Wong JJ, Kwong JC, Tu K, Butt DA, Wilton AS, Shah BR, Murray BJ, Kopp A, Chen H. Can J Neurol Sci. 2021; 48(6):779-90. Epub 2021 Jan 12. DOI:

Objective — We assessed long-term incidence and prevalence trends of dementia and parkinsonism across major ethnic and immigrant groups in Ontario.

Methods — Linking administrative databases, we established two cohorts (dementia 2001–2014 and parkinsonism 2001–2015) of all residents aged 20 to 100 years with incident diagnosis of dementia (N = 387,937) or parkinsonism (N = 59,617).
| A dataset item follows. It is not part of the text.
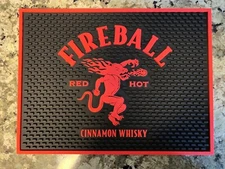 Brand New FIREBALL CINNAMON WHISKY SPILL MAT BAR MAT COASTER 12" x 9.5"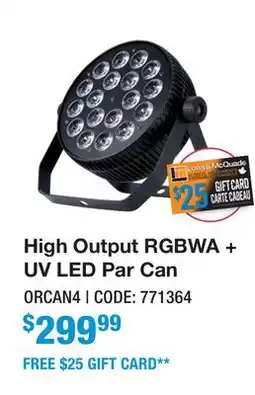 Long & McQuade HIGH OUTPUT RGBWA + UV LED PAR CAN offer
We calculated age- and sex-standardized incidence and prevalence of dementia and parkinsonism by immigrant status and ethnic groups (Chinese, South Asian, and the General Population). We assessed incidence and prevalence trends using Poisson regression and Cochran–Armitage trend tests.
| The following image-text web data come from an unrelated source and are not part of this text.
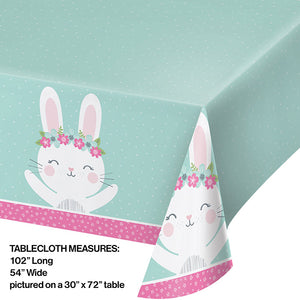 Bulk Pack of 2 Birthday Bunny Plastic Tablecover, 54" X 102"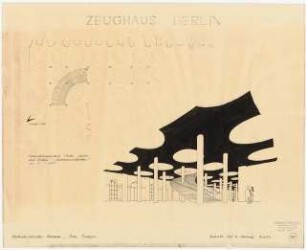 Zeughaus, Berlin Wiederaufbau: Grundriss Erdgeschoss 1:200, Perspektivische Ansicht des Innenraumes
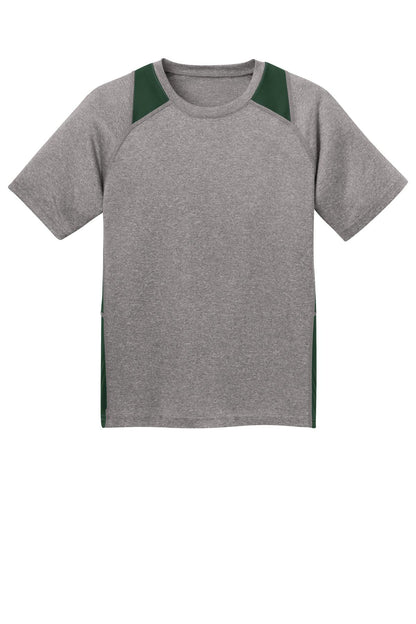 Front View of Vnt He/For Grn Sport-Tek Youth Heather Colorblock Contender Tee. YST361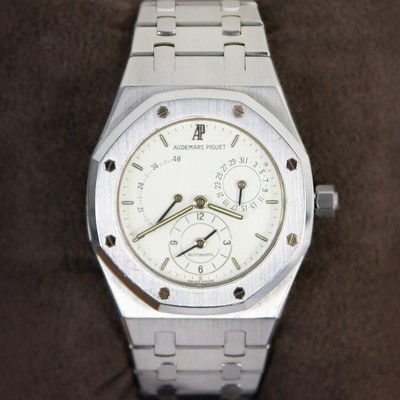 Lot AUDEMARS PIGUET - A Royal Oak Dual Time Power Reserve stainless steel gentleman's bracelet watch.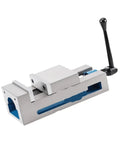 4-Inch Heavy Duty Flat Vise For Milling Machine With Integrated Fixed Corner And Smooth Finished Surface, steel construction, manual lever.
Results — Across selected ethnic groups, dementia incidence and prevalence were higher in long-term residents than recent or longer-term immigrants from 2001 to 2014. During this period, age- and sex-standardized incidence of dementia in Chinese, South Asian, and the General Population increased, respectively, among longer-term immigrants (by 41%, 58%, and 42%) and long-term residents (28%, 7%, and 4%), and to a lesser degree among recent immigrants. The small number of cases precluded us from assessing parkinsonism incidence trends. For Chinese, South Asian, and the General Population, respectively, prevalence of dementia and parkinsonism modestly increased over time among recent immigrants but significantly increased among longer-term immigrants (dementia: 134%, 217%, and 117%; parkinsonism: 55%, 54%, and 43%) and long-term residents (dementia: 97%, 132%, and 71%; parkinsonism: 18%, 30%, and 29%). Adjustment for pre-existing conditions did not appear to explain incidence trends, except for stroke and coronary artery disease as potential drivers of dementia incidence.

Conclusion — Recent immigrants across major ethnic groups in Ontario had considerably lower rates of dementia and parkinsonism than long-term residents, but this difference diminished with longer-term immigrants.